Saturday, May 31, 2025

BANKS - ASK FOR EVIDENCE FOR DEPOSTING MONEY, EVEN FROM WEDDINGS AND BAPTISMS

 Filenews 31 May 2025 - by Charalambos Zakos



Recent anti-money laundering rules have resulted in stronger and more effective controls by banking institutions.

Neither newlyweds nor children seem to be exempt from these checks, as banks have long been asking for evidence of depositing money from marriages and baptisms under the new rules, especially when it comes to large sums.

On the occasion of the discussion that began after complaints about "thorough" checks expressed by newlyweds and new parents who wanted to deposit the "gift" of marriage or baptism in bank accounts, "F" contacted banking sources in order to be informed about the way financial institutions handle such cases.

As it has been conveyed to us, the deposit of significant sums derived from marriages or baptisms must be accompanied by evidence, such as the invitation, since it is considered necessary to have an initial explanation of the origin of the money.

The procedure, as it was emphasized, differs on a case-by-case basis, since the amount of the amount, the time of deposit, and the credit status of the persons are basic parameters for the evaluation.

A key point is that banks give a small time window for depositing the amount. As they explain, if a couple attempts to deposit the wedding money several months later, this may raise suspicions and if adequate explanations are not given, the bank may not accept the deposit.

Now, in case the couple wants to deposit an additional amount as "income" from the marriage, this should be done within a few days of the initial deposit. Otherwise, the interested parties must again justify the origin of the money.
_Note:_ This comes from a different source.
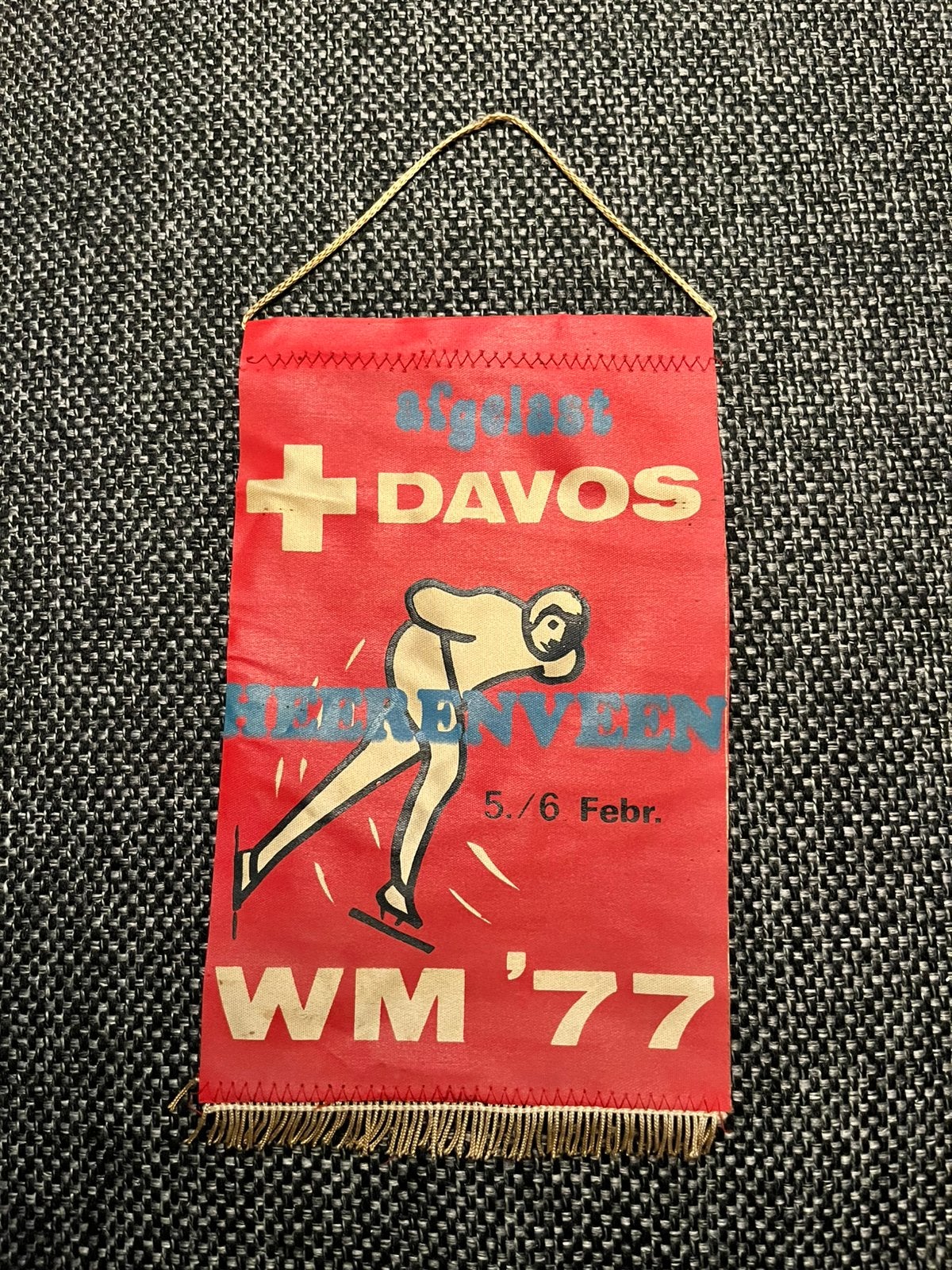 Souvenirvaandeltje WK Schaatsen 1977 (Davos / Heerenveen), Ophalen of Verzenden, Zo goed als nieuw, Overige typen, Overige merken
New directive from the Central Bank

In another development, related to the new control regulations, the Central Bank of Cyprus, with a new directive issued at the beginning of May and will come into force on 2 June, seeks to simplify procedures and facilitate citizens and businesses, despite the strengthened compliance framework now in force in the banking system.

According to the relevant announcement, the new Directive provides that banks and other obliged entities must implement such policies in order to avoid the unjustified deprivation or delay of legal access to financial services, at least of those citizens who themselves assess that their activities have a low probability of involvement in money laundering.

For example, banks can categorize retired fellow citizens, who have no income beyond pension, in the category of low risk.

In that regard, the data required of them must be proportionate to that low risk.

More specifically, among other things, the Directive, always on the basis of the estimated risk for each customer:

1) allows the updating of business relationships with a frequency commensurate with the risk of each client and does not specify a minimum frequency of updating of business relationships for customers with a low probability of involvement in money laundering;

2) when updating, it allows the use of copies of IDs (instead of the original), making the process faster and easier;

3) allows the use of information acquired during the business relationship, which entails a reduction in the information required by citizens when updating their data;

4) makes it possible to use alternative evidence for our fellow citizens who are unable to respond due to health issues or physical disability, such as showing sensitivity to our fellow citizens who face such problems, is necessary;

5) allows for flexibility in terms of evidence in relation to the home address, such as certification to be carried out through the use of government documents or electronic utility bills;

6) allows the certification of documents by third parties (e.g. government agencies) as well as the use of electronic documents so that the expansion of certification options achieves better customer service.

In conclusion, the Central Bank of Cyprus emphasizes that despite the effort to simplify the procedures, this does not translate into a relaxation of the regulatory framework. On the contrary, as he adds, the strict requirements of our country's regulatory framework are maintained.